[Data section Boundary: Start]
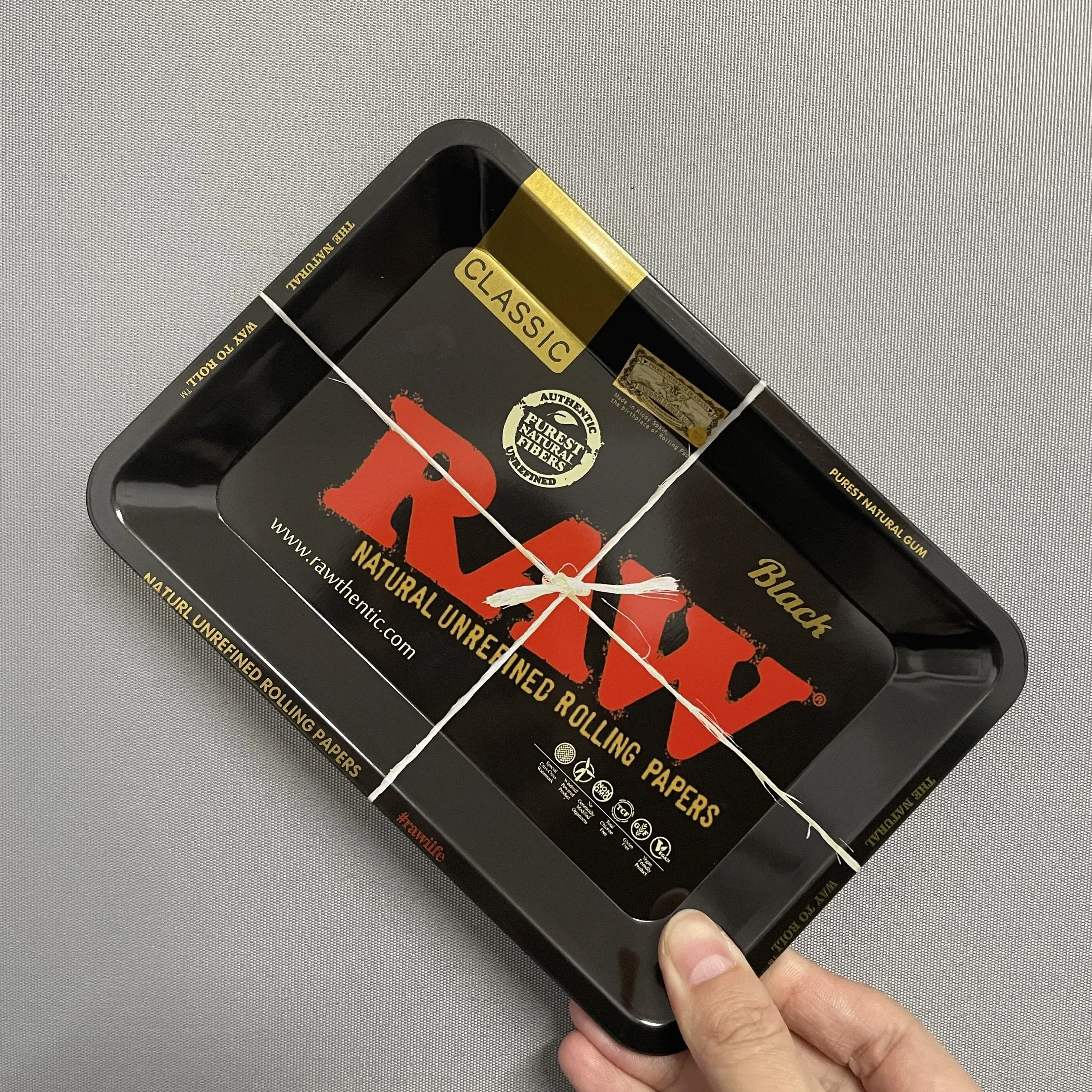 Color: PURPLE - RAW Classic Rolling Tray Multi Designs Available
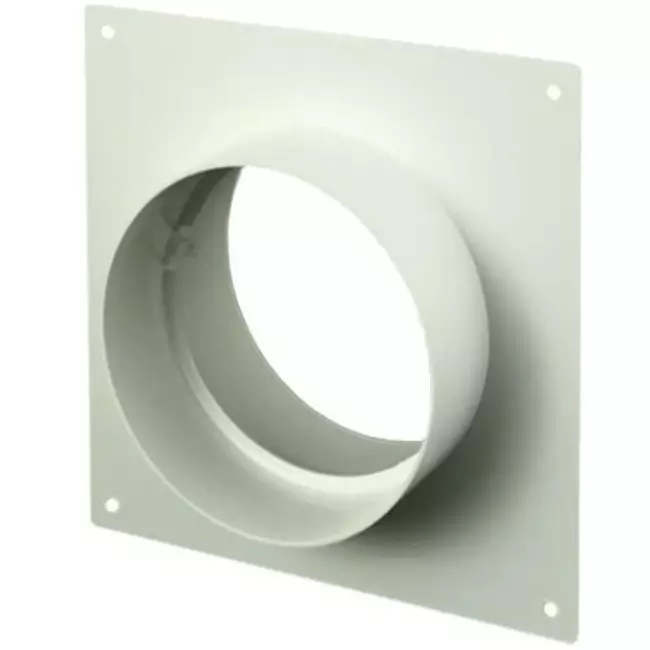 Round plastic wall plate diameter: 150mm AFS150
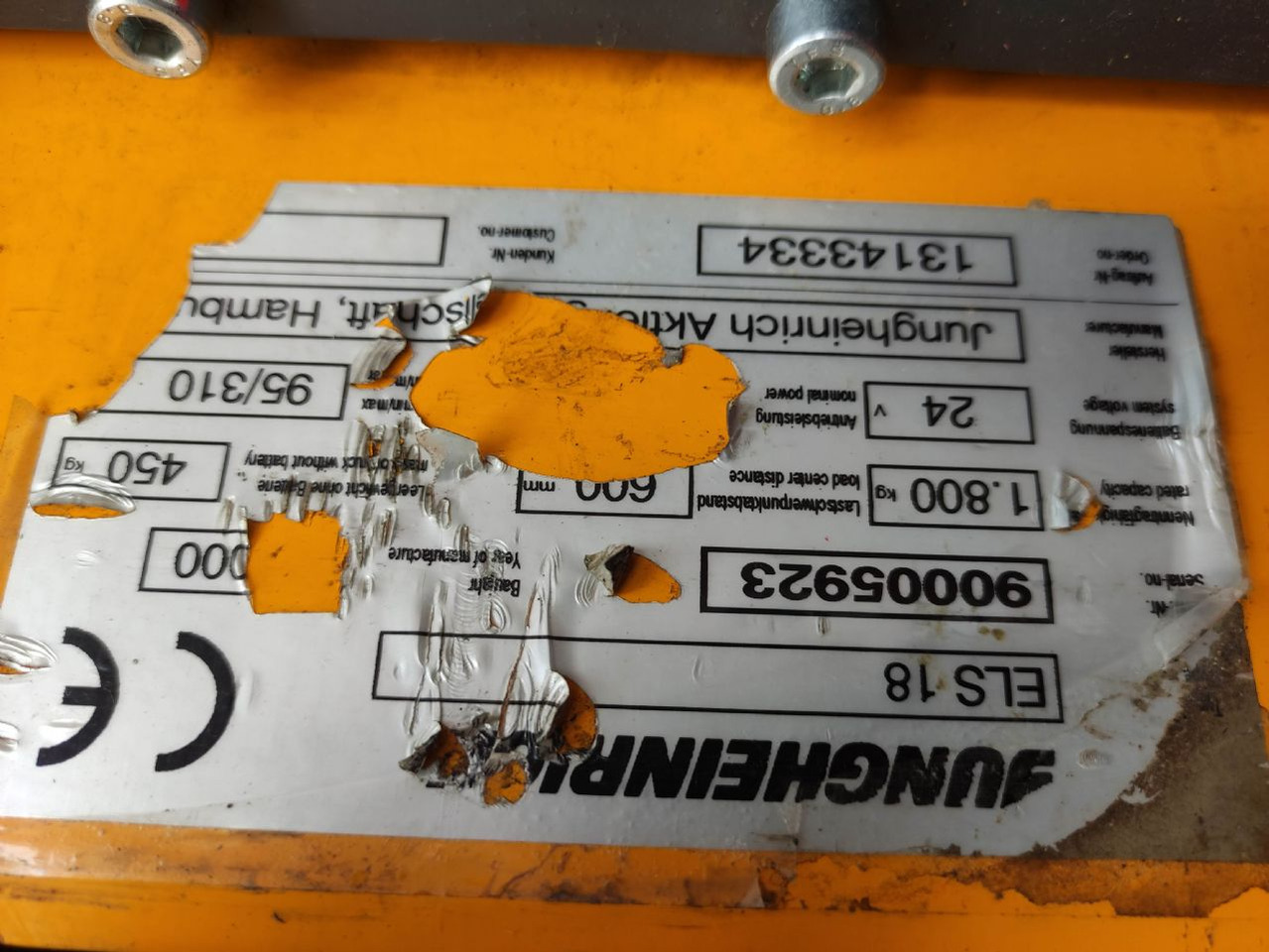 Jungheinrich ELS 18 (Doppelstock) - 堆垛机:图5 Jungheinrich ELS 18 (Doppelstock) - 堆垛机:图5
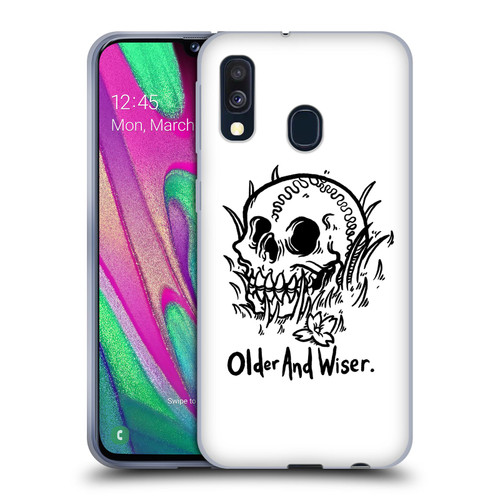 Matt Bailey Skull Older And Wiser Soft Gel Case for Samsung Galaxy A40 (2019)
[Data section Boundary: End]
[Data section Boundary: Start]
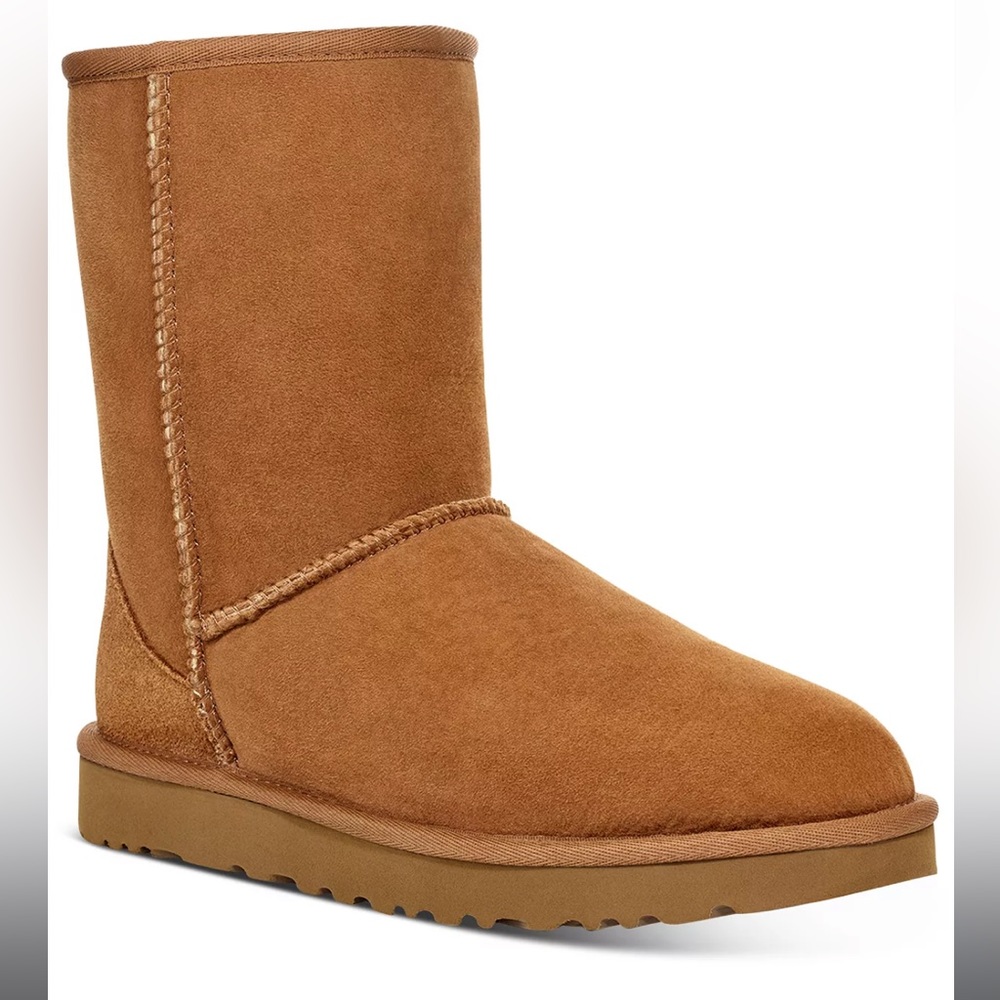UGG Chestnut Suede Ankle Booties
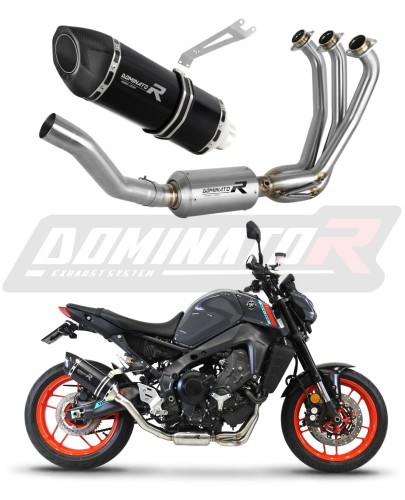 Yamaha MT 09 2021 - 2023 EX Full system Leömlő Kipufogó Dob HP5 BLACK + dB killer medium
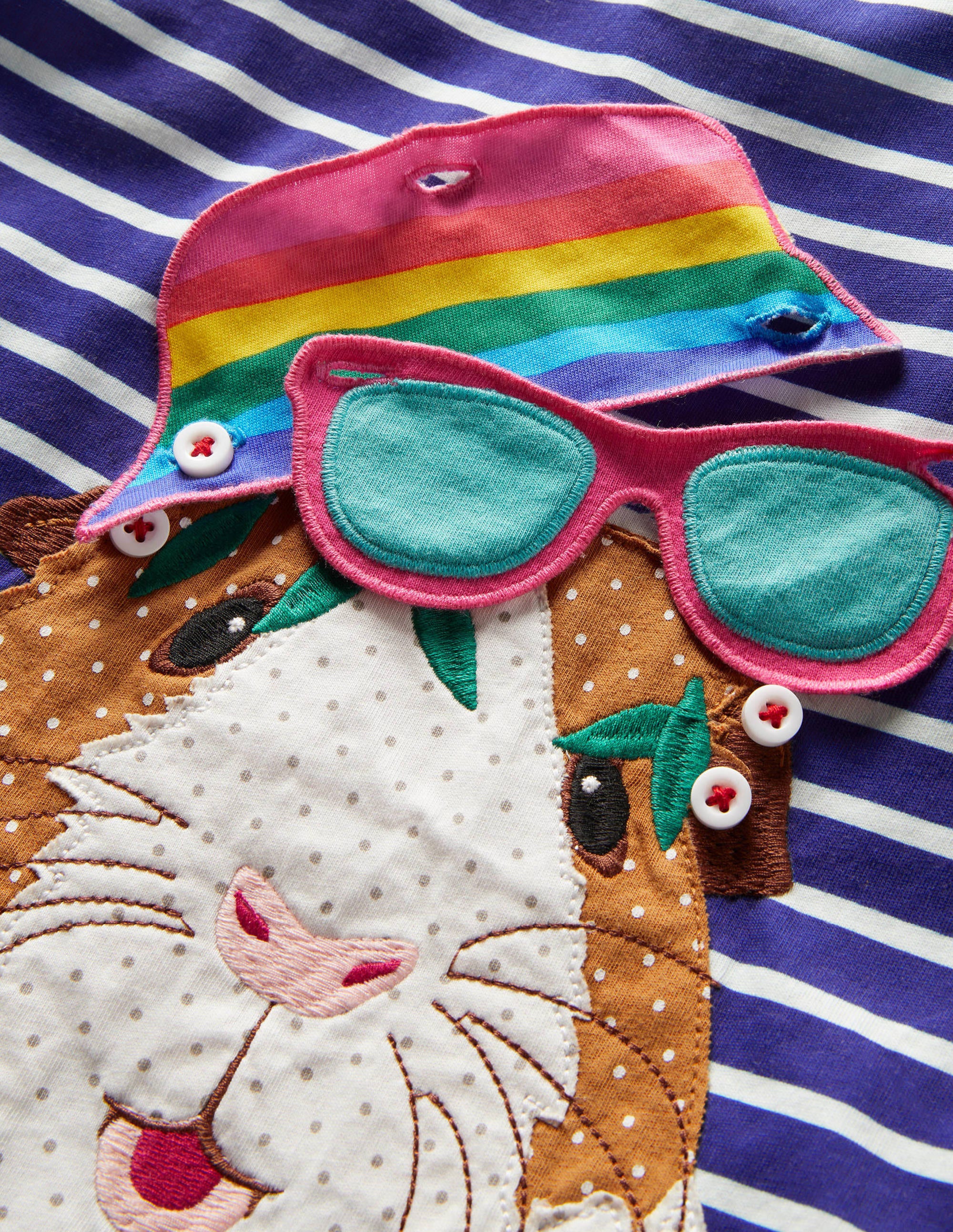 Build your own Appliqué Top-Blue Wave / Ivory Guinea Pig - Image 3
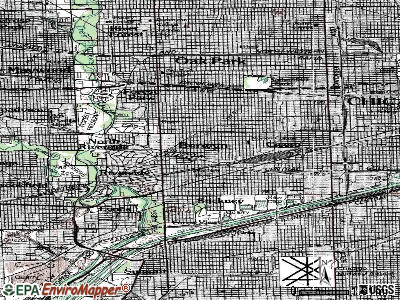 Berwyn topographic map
[Data section Boundary: End]
[Data section Boundary: Start]
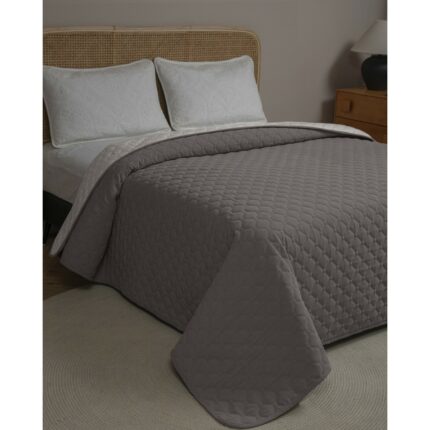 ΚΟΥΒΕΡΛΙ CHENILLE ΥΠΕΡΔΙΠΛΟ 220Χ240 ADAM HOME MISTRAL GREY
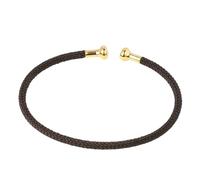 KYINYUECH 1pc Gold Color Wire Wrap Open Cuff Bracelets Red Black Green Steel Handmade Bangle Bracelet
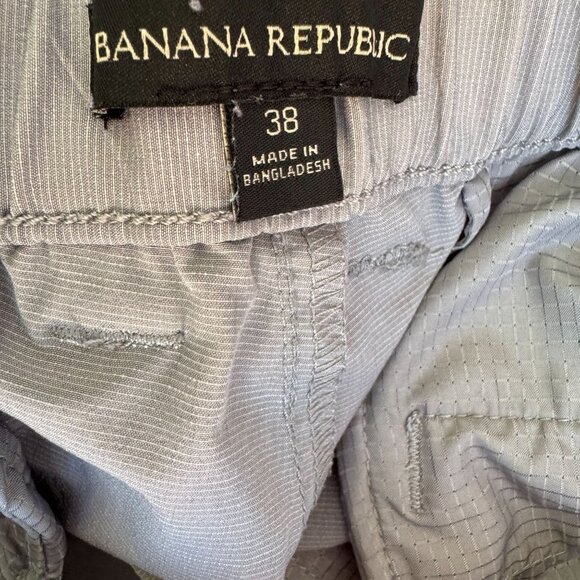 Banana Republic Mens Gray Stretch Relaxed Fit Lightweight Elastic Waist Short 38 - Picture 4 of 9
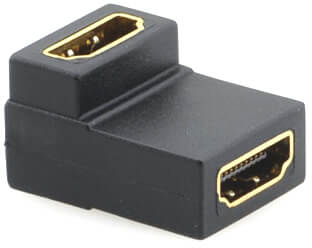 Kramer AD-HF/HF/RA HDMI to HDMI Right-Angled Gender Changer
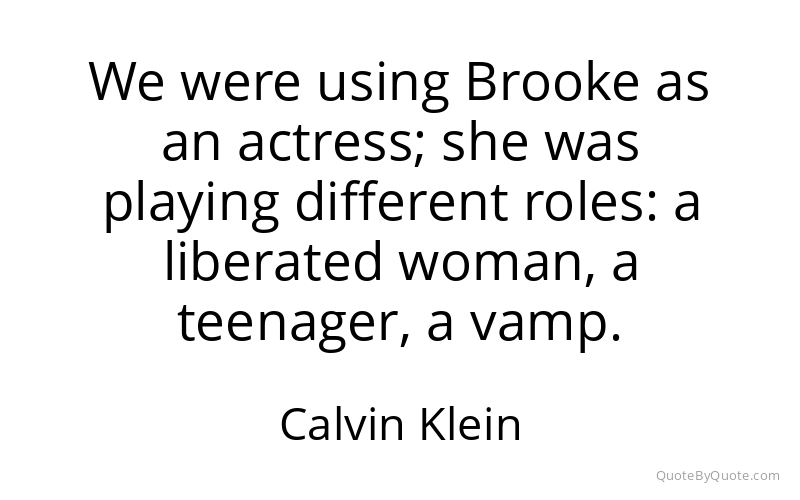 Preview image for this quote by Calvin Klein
[Data section Boundary: End]
▸ **What this task involves**
The expected output is the lines above from the one containing "Round plastic wall" to the one containing "Matt Bailey Skull", both ends included, reproduced exactly with every picture left out.

▸ **Solution for this exercise**
 Round plastic wall plate diameter: 150mm AFS150
 Jungheinrich ELS 18 (Doppelstock) - 堆垛机:图5 Jungheinrich ELS 18 (Doppelstock) - 堆垛机:图5
 Matt Bailey Skull Older And Wiser Soft Gel Case for Samsung Galaxy A40 (2019)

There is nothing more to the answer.